ISSUE 267 : Wednesday, October 14, 2009

Over the years I've done my best to maintain my promise of staying away from politics and matters of race in America. Sometimes it's been hard. "What If Obama Worked For Them" was one of those times. I still think they put him up for the job to distract us, so they could pull off one of the biggest bank jobs in history. So much for follow-ups. You figure out the rest of it.

Now I'm about to break my second caveat. A word about race in America. More specifically, race in advertising. More precisely, race and me in advertising. This is not going to be one of those "woe is moi" stories about the immense unfairness of it all. This is just about how it feels to be considered, "less."

You have to have a certain strength of conviction to do this job. To conceive an idea that a Global 100 enterprise will invest 100s of millions in over the course of four decades is no walk in the park. To do it over and over again, year after year is slightly short of extraordinary. I should feel very proud of myself. And I do. A young black creative from Texas, Derek Walker said it best. "I love advertising. But advertising doesn't love me."

As anyone who watches the hit show "Mad Men" knows, advertising is not now, nor has it ever been, an equal opportunity employer. It is a world of under-educated, over-privileged, narrow-minded pretenders. Ad people pretend to be business people. That is because the advertising industry is a service industry and the service rendered is compliance. Advertising people comply with whatever the client thinks is right at the time. Advertising is said to set the values of our society. But in truth, advertising simply reflects the values of our time. But in matters of race, something went terribly wrong.

In their belief that they were somehow better than the common man, the people who make up the advertising industry did not follow the rest of American business into equal opportunity employment, integration or diversity. Madison Avenue decided that blacks and Hispanics did not "fit" their version of who they imagined themselves to be.

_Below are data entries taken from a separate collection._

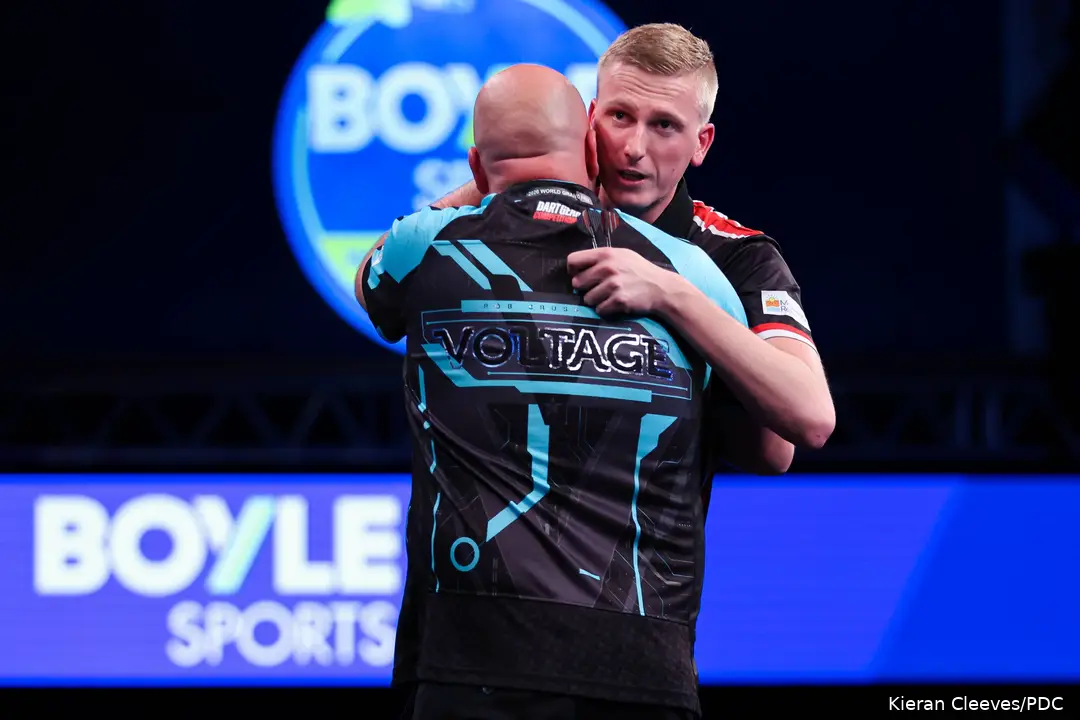 Wessel Nijman and Rob Cross embrace after their opening round match at the 2026 World Grand Prix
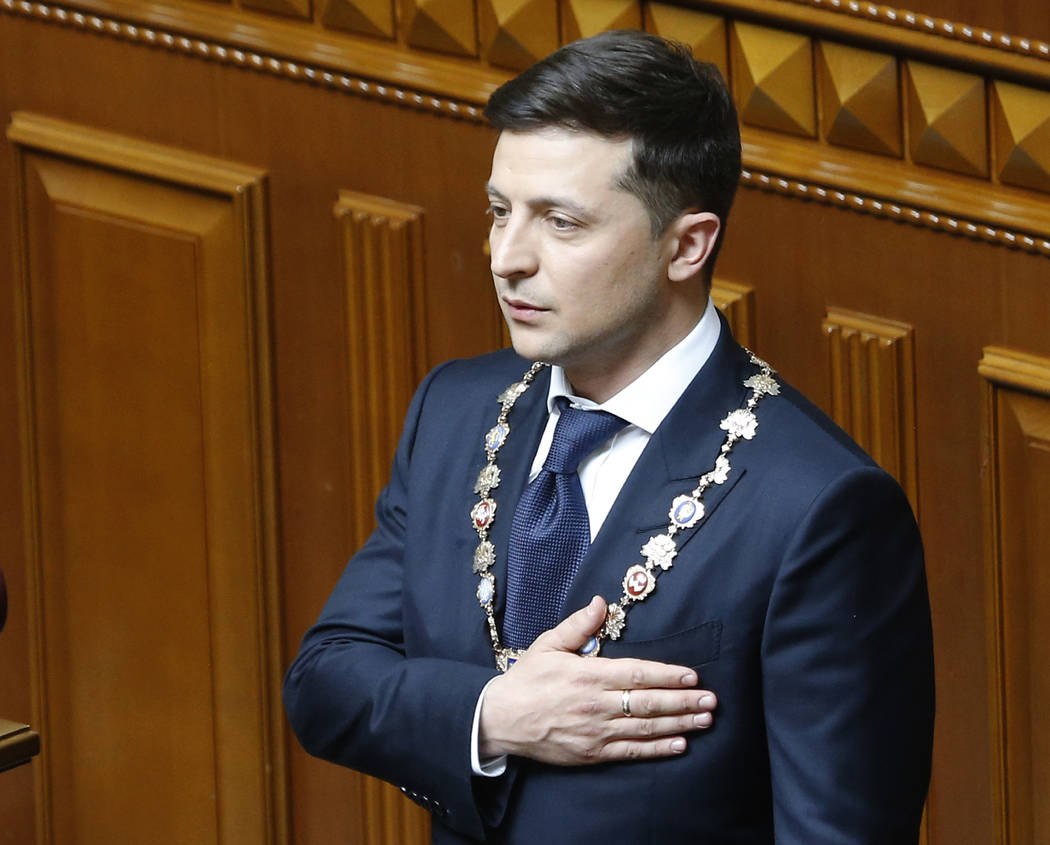 Ukrainian President-elect Volodymyr Zelenskiy sings the national anthem during his inauguration ...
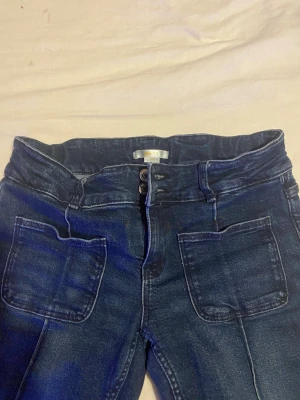 Mörkblå jeans från Gina Tricot - Snygga mörkblå jeans från Gina Tricot med raka ben och hög midja. Jeansen har två stora framfickor och dubbla knappar i midjan för extra cool detalj. Materialet är klassisk jeans med lite stretch för skön passform.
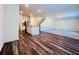 Open-concept living space with views of the kitchen at 7731 Sudbury Cir, Covington, GA 30014
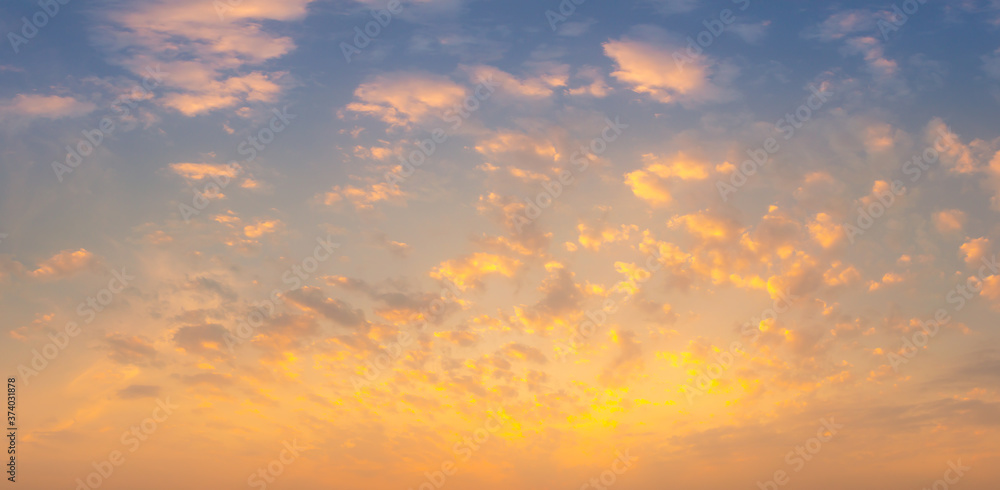 Obraz premium Beautiful Vivid sky painted by the sun leaving bright golden shades.Dense clouds in twilight sky in winter evening.Image of cloud sky on evening time.Evening Vivid sky with clouds.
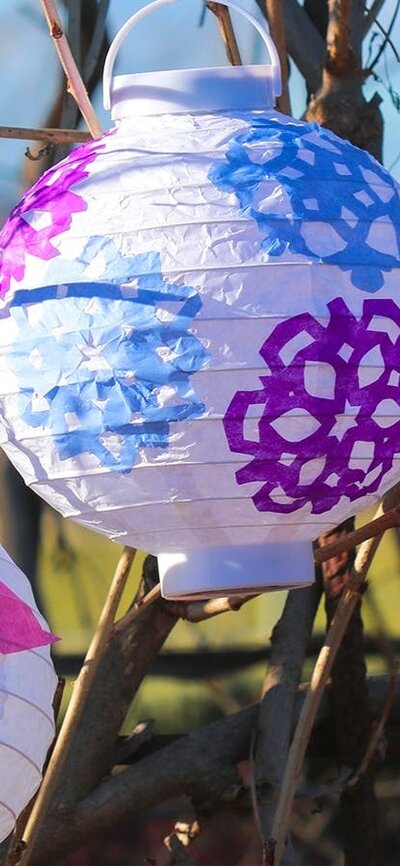 two white lanterns with colourful winter cutout patterns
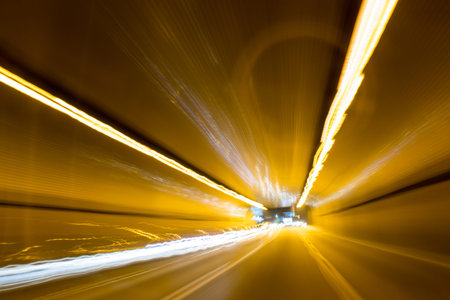abstract of car in tunnel with motion blur on the road. Driving Around Town. Long Exposure. A view...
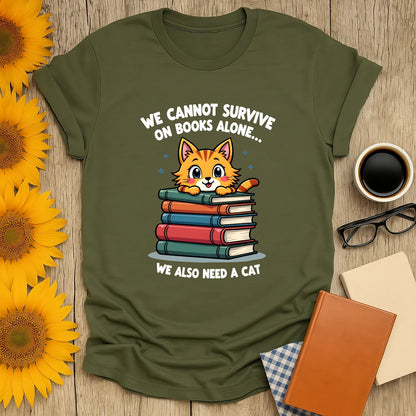 Cozy book lover t-shirt featuring a cute cat on stacked books with text: 'We cannot survive on books alone... We also need a cat.'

So Madison Avenue just shut them out. And for those few of us who were able to slip in, the welcome mat was snatched out from under us and we were marginalized in dead-end jobs and banned from any chance for advancement. So no matter how many awards my work won for my employers, my star never rose. They would rather promote a person with lesser skills and than assign me to make them look good. The newly-minted ACD would then claim credit for the work and be promoted to creative director and fire me or shunt me off to some horrible assignment that would send me packing to another agency for more of the same.

I soon learned the fine art of job jumping. I would duck just seconds before the axe of the headsmen swung. Sell a great campaign. Duck and cover. Win a prestigious award. Duck and run. Gain a client compliment. Duck and dodge. While the average white brand of agency creative would get ready for the fast track after a stellar performance, I got ready to bail. It gave me a whole new mindset. Dead man running.

I gave each agency exactly one year. Once hired I would hit the ground rolling. I knew better than even try to play office politics. I went directly into stealth mode. I would stay late every night and read every research report and client memorandum that had been circulated for at least two years before my arrival. I would roam the account management, media and research departments long into the night. Nobody noticed. They thought I was just another cleaning guy. Every day that went past, I got more and more client/market knowledgeable.

Then sure as bull-shit floats, I would discover the "key." The one fact that could make all the difference. And I would wait until the next "Gang-Bang" when they would call all hands on deck to submit campaigns that would save the account. During the day I would volunteer to help the top creative teams put their campaign hopefuls in shape. At night I would work on my own campaign, armed with the knowledge and insights that would set it head and shoulders above the rest. And I would win the shoot-out. And somebody else would take credit. And I would call Judy Wald, my headhunter and say, "Judy, it's time." I was her favorite piece of meat. I would have four jobs in the space of most of her client's tenure in just one agency. And she would fudge my resume so I didn't look like Jumpin' Jack Flash. It was a gas. I got rich in spite of these fools
by investing in each of my client's stock. Money could care less about color.

But all of this broken field career running was not without its price. And the toll was steep. I trusted no one. I made myself small to avoid detection or suspicion. I would beat guys to the men's room just to eavesdrop on their plots for world domination. I would use what I learned to take them out of the game. I became ruthless. Far more so then the devious Mr. Draper. My family came second and then third. I became a liar for hire. There was nothing I couldn't sell. I learned from the greatest minds of our time. But I was never invited to lunch at the Harvard Club. I lived on the creep. Of course by the time people got together and figured out what happened, I was long gone, so they could shake it off and go..."Naaaa!" I wasn't a "Mad Men." I was Bad Men.

The benign racism in hiring and promoting a diverse workforce that has been the subject of more than 40 years of government intervention, mandate, and censure, as well as a pending multi-million dollar class action suite, still persists. I am both black-listed and in exile from Madison Avenue as a result of my early efforts to integrate the industry with the backing of Ogilvy and 4A's chair-legend Jock Elliot. There are fates worse than death. To sell billions, yet never be acknowleged as more than "That black guy that used to work here." To wage wars with the Clio folks to spell my name right. To have black people put me on their white list out of fear of reprisal. Still, I soldier on.

I have no regrets. It was my own fault. I should have listened to Nat "King" Cole's infamous quote upon the cancellation of his amazing network TV show.
"Madison Avenue is afraid of the dark."

 



Note: (On November 5, 1956, The Nat King Cole Show debuted on NBC-TV. The Cole program was the first of its kind hosted by an African American, which created controversy at the time. The show was cancelled on December 17, 1957 for lack of sponsors.)